- **Records supplied**:

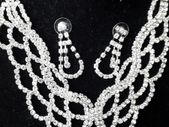 Bridal Neck piece and matching Earrings ( DEBS )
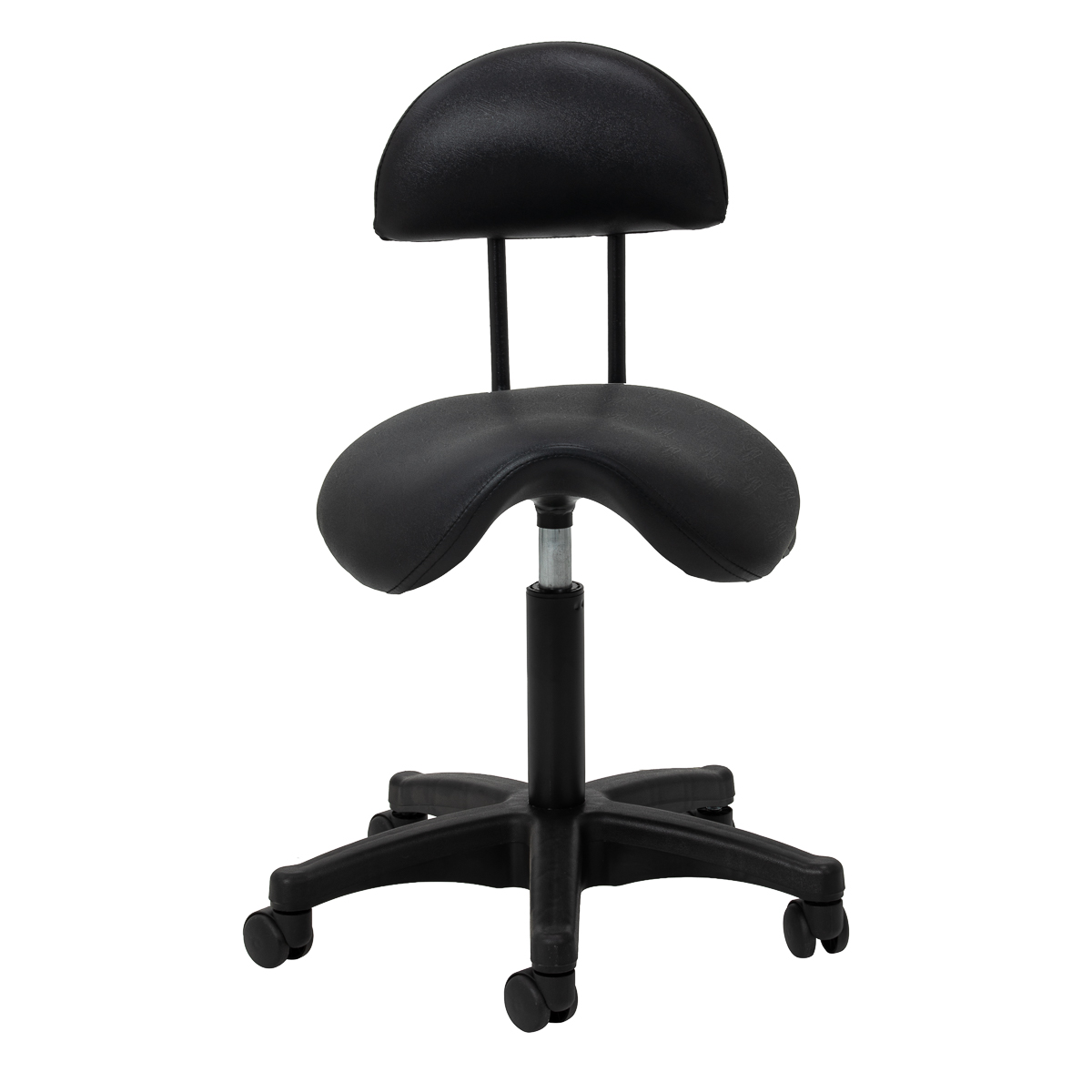 Taboret kosmetyczny 6001B czarny 3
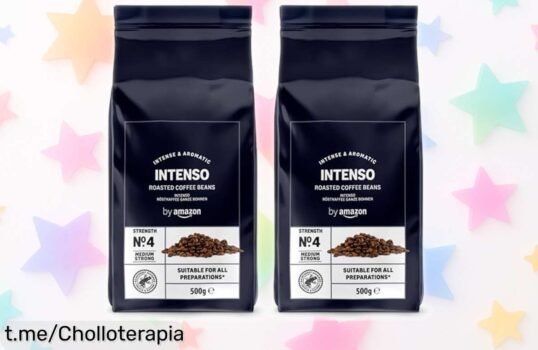 Café molido intenso de Amazon: ¡un super chollo para disfrutar cada mañana con el sabor del chocolate negro y especias! No te quedes sin este café que alegrará tus días.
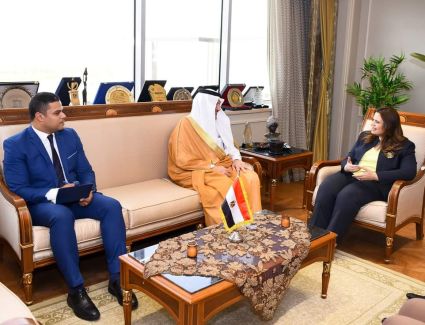 وزيرة الهجرة تستقبل السفير السعودي بالقاهرة لبحث ملفات التعاون المشترك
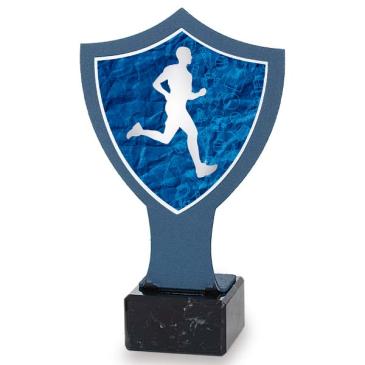 Trofeo de hierro escudo azul atletismo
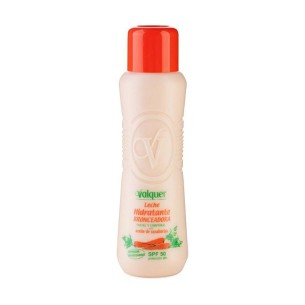 Leche Bronceadora Valquer Zanahorias SPF 50 500ml. -Sunscreens and Tanning Activators -Valquer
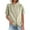 Khaki, variant on QINGFSAP Short Sleeve Tops for Women Loose Vintage Button Down Shirt Dressy Casual Summer Tunic Blouse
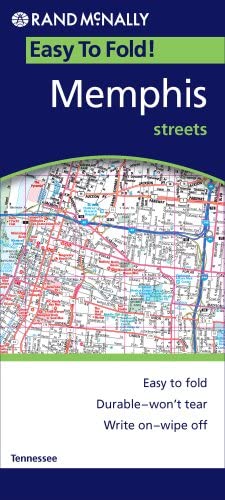 Rand McNally Memphis, Tennessee: Streets (Rand Mcnally Easy to Fold!)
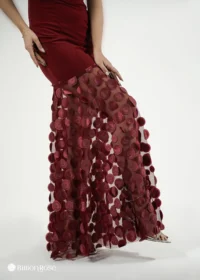 ماکسی مجلسی با پایین تنه تور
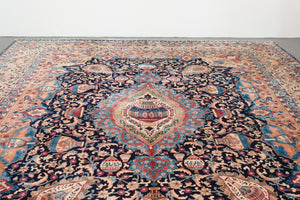 9.5x13 Persian Kashmar Rug | ZAZEH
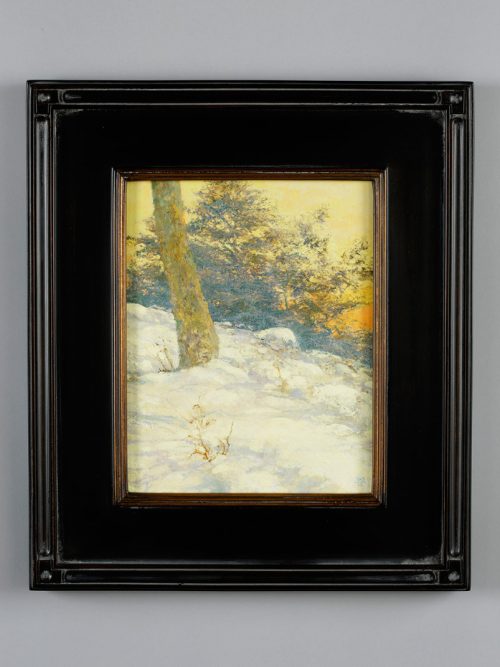 Fine art oil painting of a snowy landscape by Shawn Krueger.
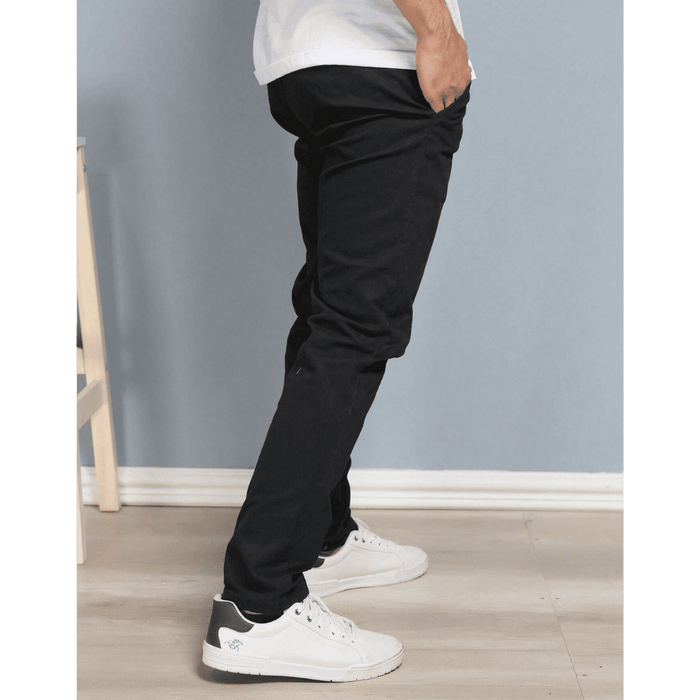 (COMPRE 1 LEVE 4) - Calça Reta Masculina em Sarja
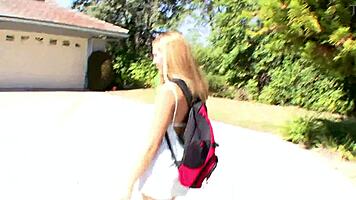 omg this teen slut rides stranger's monster cock so wild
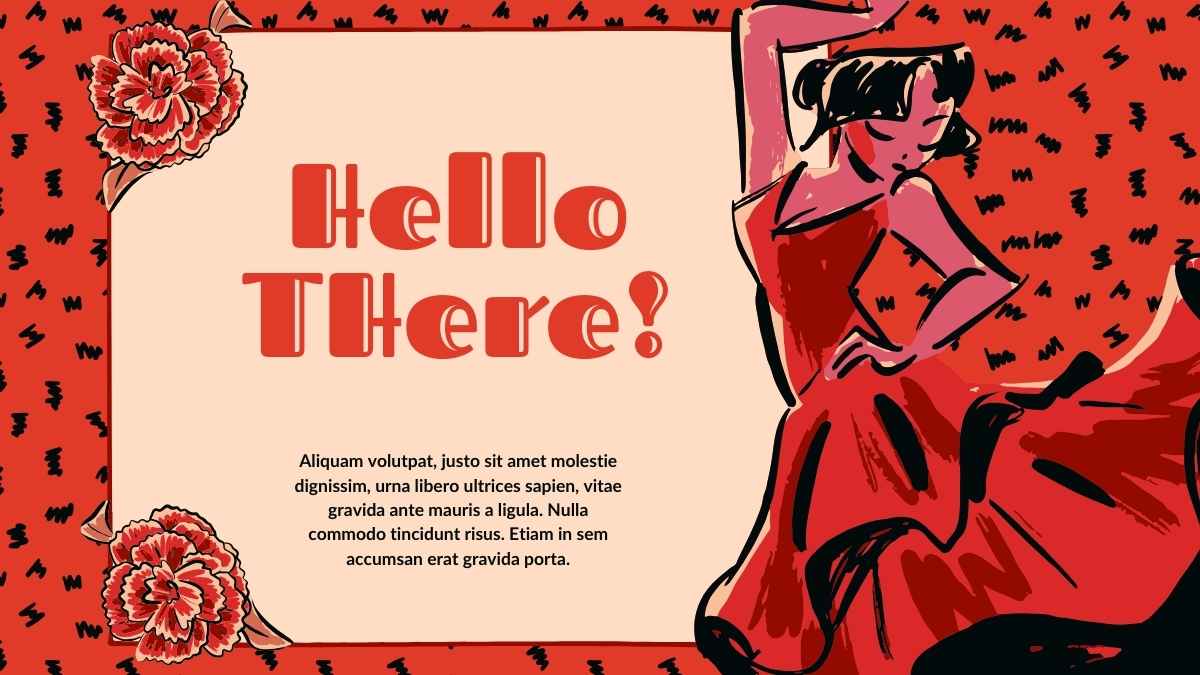 Illustrated International Flamenco Day - slide 3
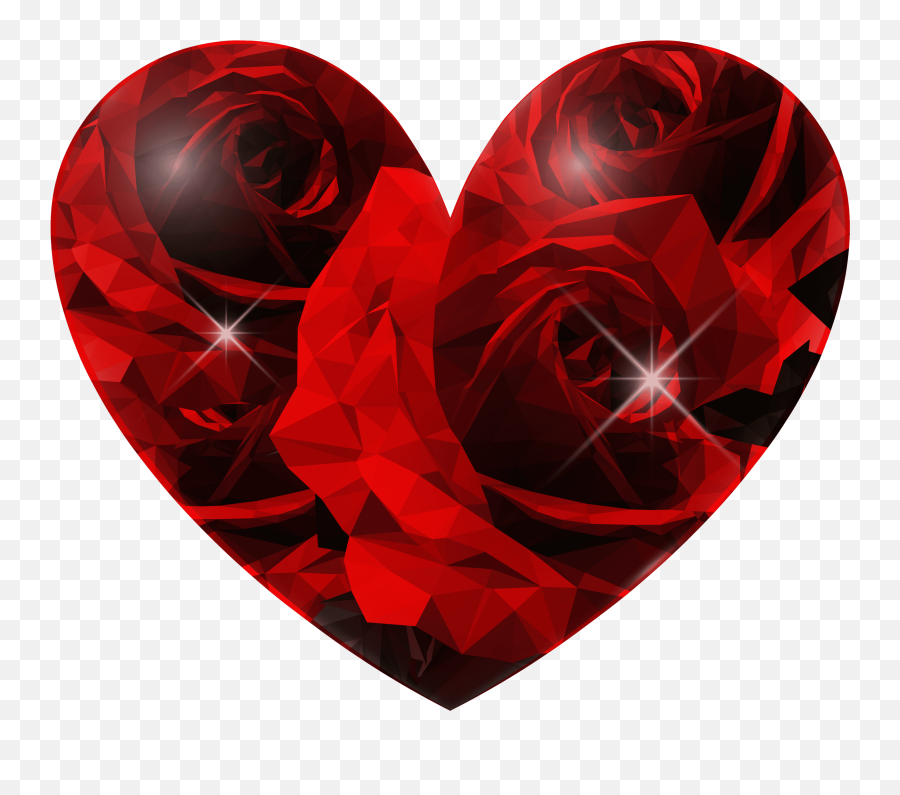 Download Free Heart Gemstone Hq Image Icon Favicon - Rose And Heart Png,Heart Icon Facebook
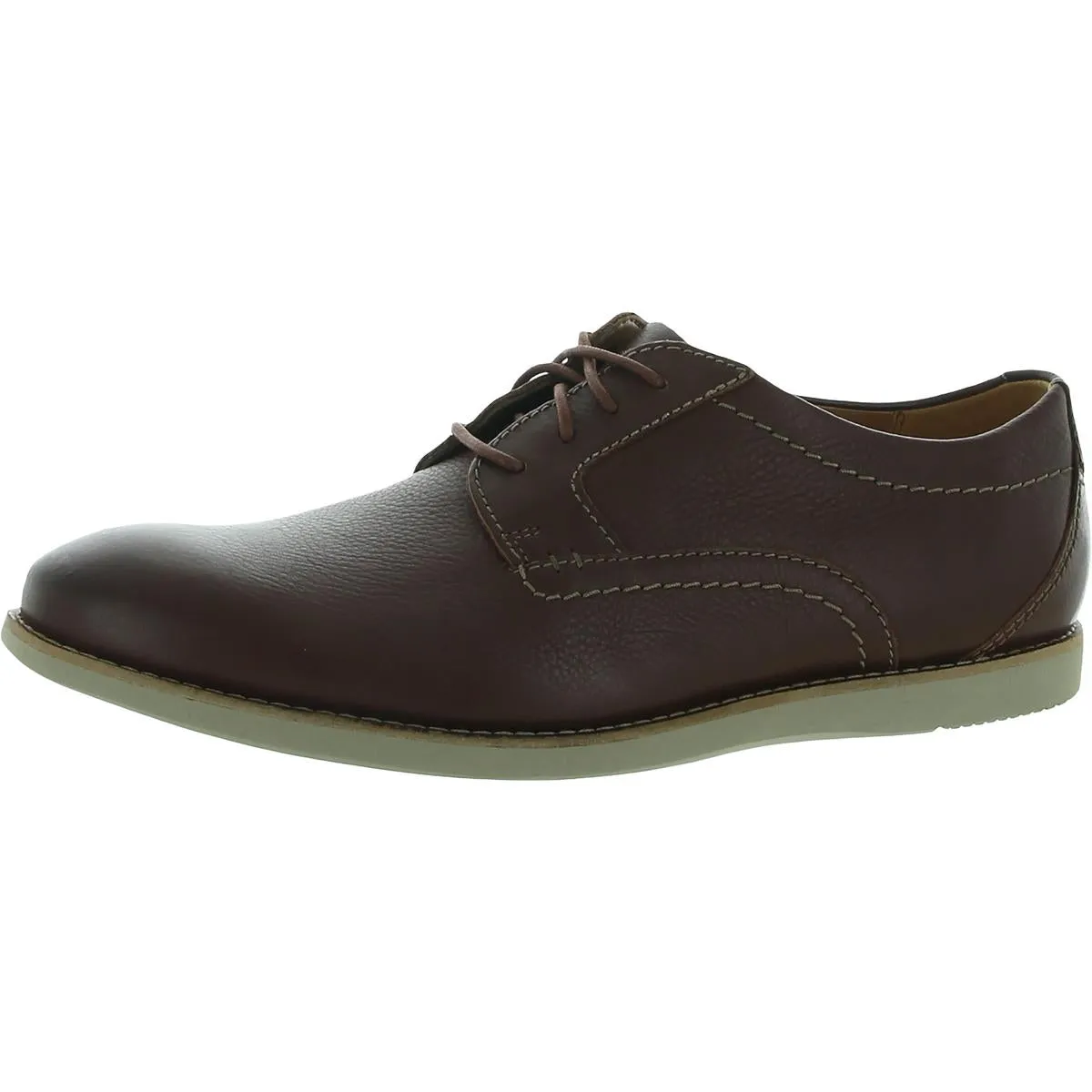 Clarks Mens Raharto Plain Leather Dressy Oxfords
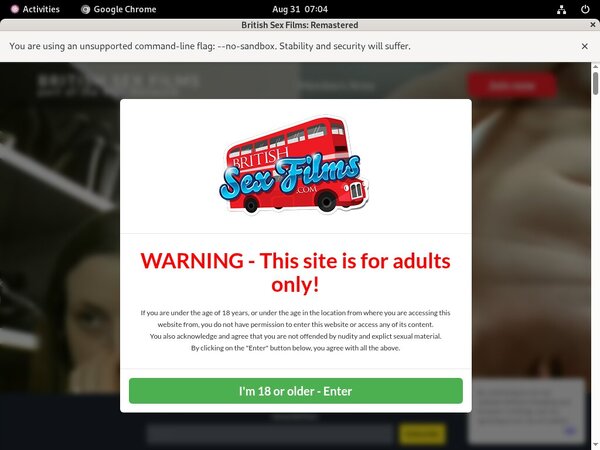 Free User For Britishsexfilms.com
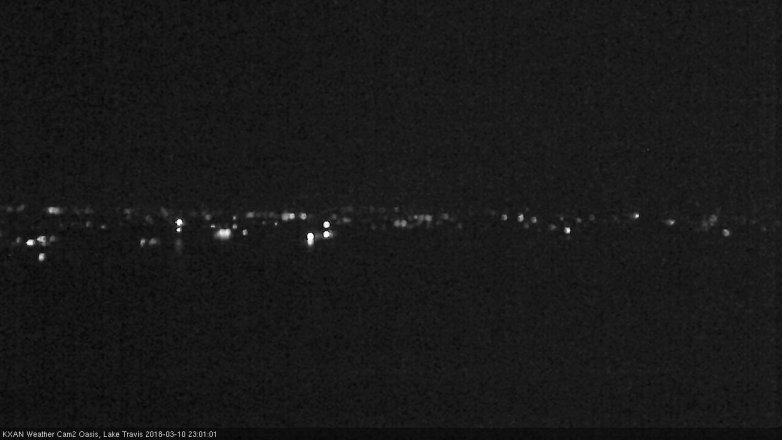 Lake Travis webcam, March 10, 2018 10:30 PM CT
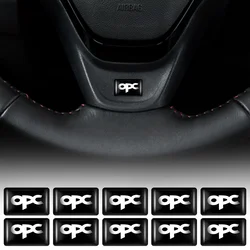 Auto Innendekoration Aufkleber Epoxy Kleber Aufkleber Opc Abzeichen Form kleinen Aufkleber für Opel Opc Astra H G J K F Insignia Mokka C.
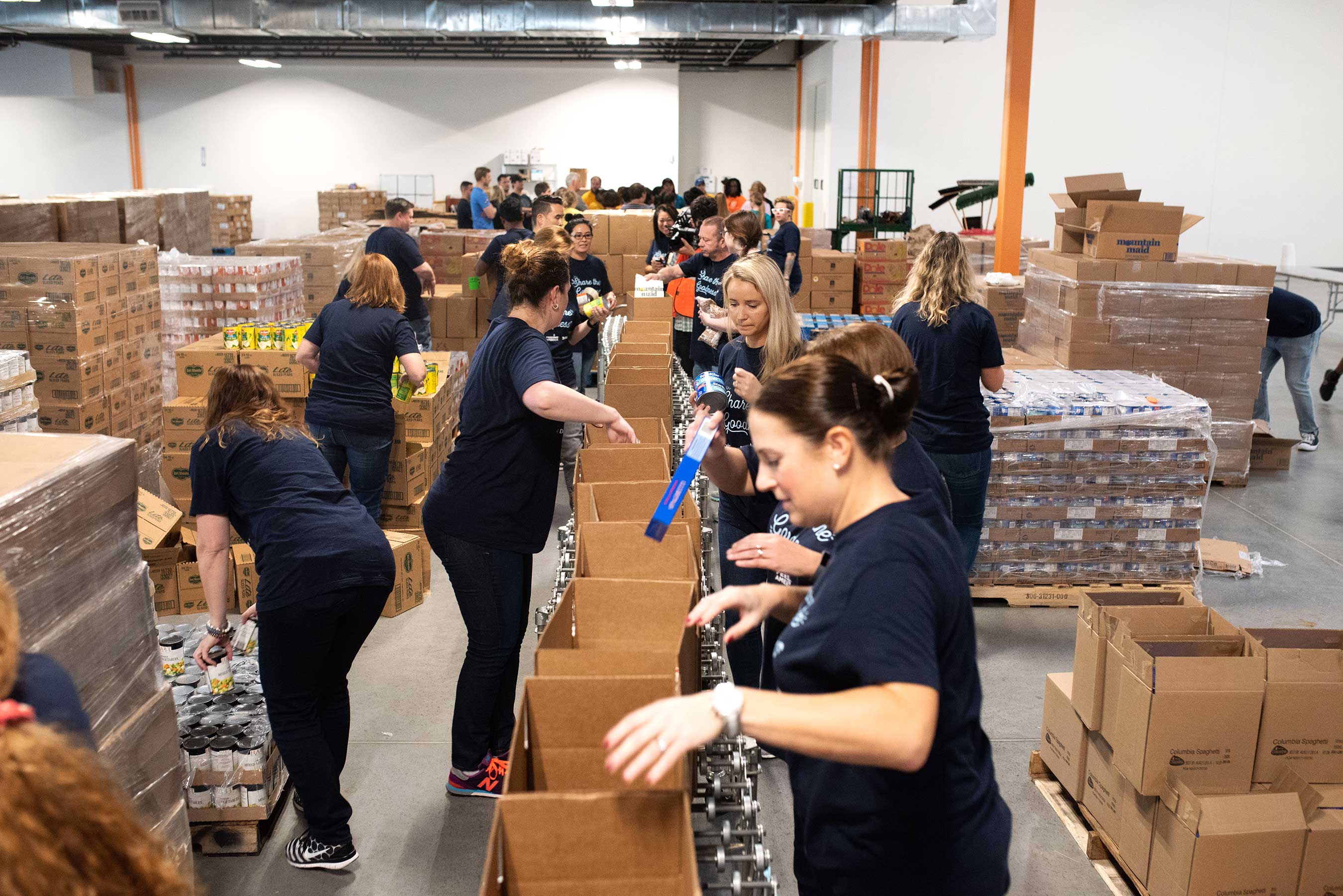 To kick off this year's campaign, Dean Foods employees volunteered at the North Texas Food Bank in October to help provide meals to those in need.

- **Exercise description**: Without the pictures, write out the lines from the beginning of the entries through the line with "Leche Bronceadora Valquer".

- **Reply**:
 Bridal Neck piece and matching Earrings ( DEBS )
 Taboret kosmetyczny 6001B czarny 3
 Café molido intenso de Amazon: ¡un super chollo para disfrutar cada mañana con el sabor del chocolate negro y especias! No te quedes sin este café que alegrará tus días.
 وزيرة الهجرة تستقبل السفير السعودي بالقاهرة لبحث ملفات التعاون المشترك
 Trofeo de hierro escudo azul atletismo
 Leche Bronceadora Valquer Zanahorias SPF 50 500ml. -Sunscreens and Tanning Activators -Valquer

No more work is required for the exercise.